While I am a secret fan of “The often rivaled, never equaled” (god, I’m such a nerd) The Dallas Cowboys Cheerleaders, and this is also a secert reality tv show obsession that I’m now admitting to. However, I remember waiting in line for 2 hours (I couldn’t believe Jon was even tolerating it, he wasn’t a fan of them like I was), and it was the best. Just to truly be among people who enjoy the same, weird, neiche thing as you do and you can be open about the fact that you’re essentially “fan-girling” about an obscure television show ha-ha, the sight was one to be seen. Only because it’s Ohio though.
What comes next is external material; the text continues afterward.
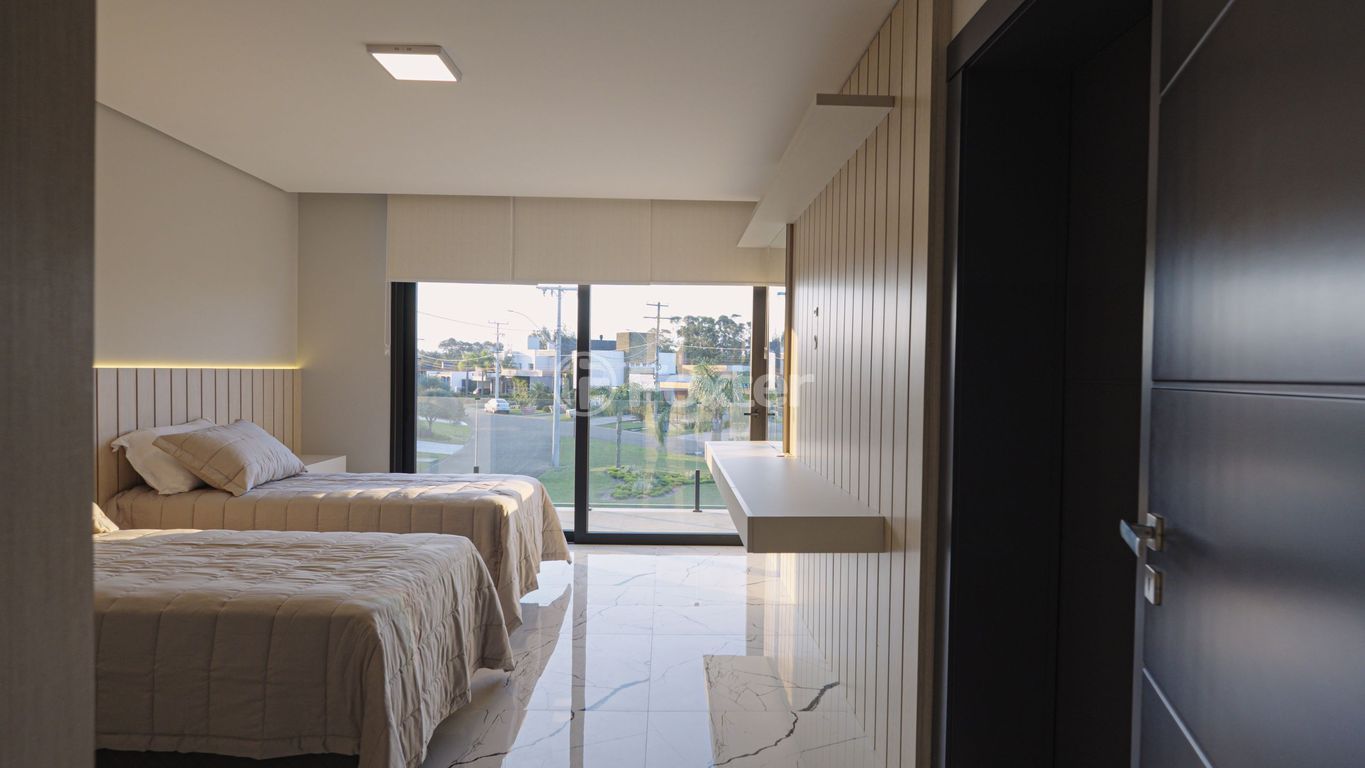 Casa em condominio para comprar em dos Cunhas, 2009 - foto 37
Anyways, it was the best moment ever, they did NOT disappoint in any way, shape, or form. They were exactly as goofy and as lighthearted as they were on T.V. and despite the long line, I got to meet them in a time in my life when I was so sad and depressed all the fucking time, like that was right before our relationships ended, and the stress was invariably becoming much worse to the point where I couldn’t LIVE in the chaos anymore. I needed the emotional torture to stop, the obligation he felt he was entitled to when it came to having sex with me, in hindsight, wasn’t cool, and alienating me from my friends and family, red flag, at the very least. Especially now that I’m with my husband and it feels weird that he doesn’t do that any of that (really the oppposite haha), I’m being the proverbial “pervert” now and I kind of resent him for that because I just EXPECT all men to be like this and I’m not entirely sure they are (idk my husbands friend made me skeptical). This experience I would attribute as life-defining because it helped me break through a lot of that depression I was feeling. Plus how awesome is it that they are the same people as they portray themselves to be on T.V. as they are in person? That’s happened with every cast member or influencer that I just really relate with. They’re really bubbly, funny, and down to earth guys, and I think that is what was the icing on the cake. Best birthday tradition.

Azn is in the original of this picture as well, however Jon and I were in between the both of them, and I got lucky becasueI waited in line for Famtruck, so naturally, I just cropped him out. Sorry Azn lol.

The Tim Dillion Comedy Special at Taft Theatre located in Cincinnati, Ohio.

The second thing that I became excited about recently was probably seeing Tim Dillion live at the Taft Theatre in Cincinnati with my husband for a date night.

When I tell you that there are VERY few celebrities, influencers, artists, or comedians that make me incredibly happy, whose content I throroughly enjoy, and all of it to boot. He’s like Chris Farley for the modern day millenial, except he doesn’t have to hide in the closet, society hardly cares if you’re gay anymore. It’s not as tabboo a subject as it used to be, especially here in the Midwest.

What made it just as exciting if not more, it was the first time since my husband and I had our daughter that we had a day, no! A whole night to ourselves, with each other, and be able to enjoy one anothers company in almost 3 years. It was a little funny because my husband and I don’t REALLY handle stress all that well, and as you can imagine, a 3-year-old little girl doesn’t scream, “calm environment,” and it has the potential to make ourselves hate eachother just out of frustration.

Tonight was different. We dropped our daughter off at my mothers, with no plans of picking her up after the show. The feeling was pure ecstasy, delight, relief, and excitedness as we got back in the car with NO CHILD. Honestly it felt like I was actually 18-years-old again, and we could do anything we wanted.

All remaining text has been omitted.